Ces services visent à simplifier la gestion des boutiques en ligne, l’analyse des données clients et l’optimisation des opérations commerciales quotidiennes. Ils s’inscrivent dans une course technologique où les géants de la tech prévoient collectivement d’investir plus de 300 milliards de dollars dans le développement de l’IA cette année.
Réduction des effectifs et optimisation des coûts
Cette injonction à l’utilisation massive de l’IA intervient dans un contexte particulier pour Shopify. L’entreprise canadienne a vu ses effectifs diminuer, passant de 8 300 à 8 100 employés entre décembre 2023 et décembre 2024, selon son dernier rapport annuel.
Cette légère baisse s’inscrit dans une tendance plus lourde amorcée dès 2022, lorsque la société avait supprimé 14% de ses postes. L’année suivante, une nouvelle vague de licenciements avait touché 20% des effectifs restants. Au total, Shopify a donc réduit sa masse salariale d’environ un tiers en l’espace de trois ans.
Ce mouvement n’est pas propre à Shopify. Selon le site Layoffs.fyi, spécialisé dans le suivi des licenciements dans la tech, environ 152 000 postes ont été supprimés en 2024 à travers 549 entreprises technologiques. Une tendance qui illustre les tensions du secteur, malgré les investissements massifs dans l’IA.
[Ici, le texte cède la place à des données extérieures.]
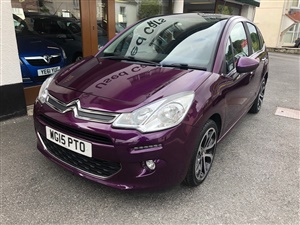 Large image for the Used Citroen C3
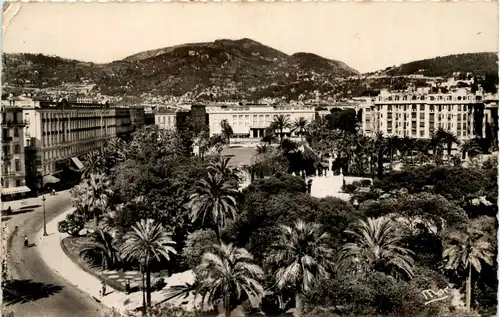 Nice, Le Jardin Albert -366540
Une stabilisation des effectifs mais pas des coûts
Lors d’une récente conférence pour investisseurs organisée par Morgan Stanley, Jeff Hoffmeister, directeur financier de Shopify, a précisé la stratégie RH de l’entreprise. Selon lui, si les effectifs devraient rester « relativement stables », les coûts liés aux salaires pourraient connaître des variations importantes.
Un ingénieur IA de haut niveau avec une rémunération élevée peut faire augmenter les coûts de rémunération même si les effectifs restent identiques.
Cette remarque illustre parfaitement le dilemme des entreprises tech aujourd’hui : d’un côté, l’IA permet théoriquement de limiter les embauches, voire de réduire les effectifs ; de l’autre, les spécialistes en IA font l’objet d’une guerre des talents qui fait grimper les salaires de façon exponentielle.
Un message qui fait débat
La directive de Lutke suscite des réactions contrastées. Pour certains observateurs, elle représente une évolution naturelle et nécessaire du monde du travail face à l’automatisation croissante. Pour d’autres, elle symbolise un durcissement des conditions de travail, où la pression sur les employés s’intensifie.
L’approche de Shopify pose aussi la question de l’évaluation objective de ce que l’IA peut ou ne peut pas faire. Comment « prouver » qu’une tâche ne peut être automatisée, dans un contexte où les capacités de l’intelligence artificielle évoluent si rapidement ?
Cette politique pourrait également avoir des implications sur la culture d’entreprise de Shopify, connue jusqu’ici pour son approche innovante en matière de management et d’organisation du travail.
Une chose est certaine : avec cette directive, Tobi Lutke positionne Shopify à l’avant-garde d’une transformation profonde du travail, où la frontière entre tâches humaines et automatisées se redessine constamment. Pour les employés comme pour les observateurs de la tech, c’est un signal fort que l’IA n’est plus un simple sujet de recherche et développement, mais bien un facteur de restructuration fondamentale de l’organisation du travail.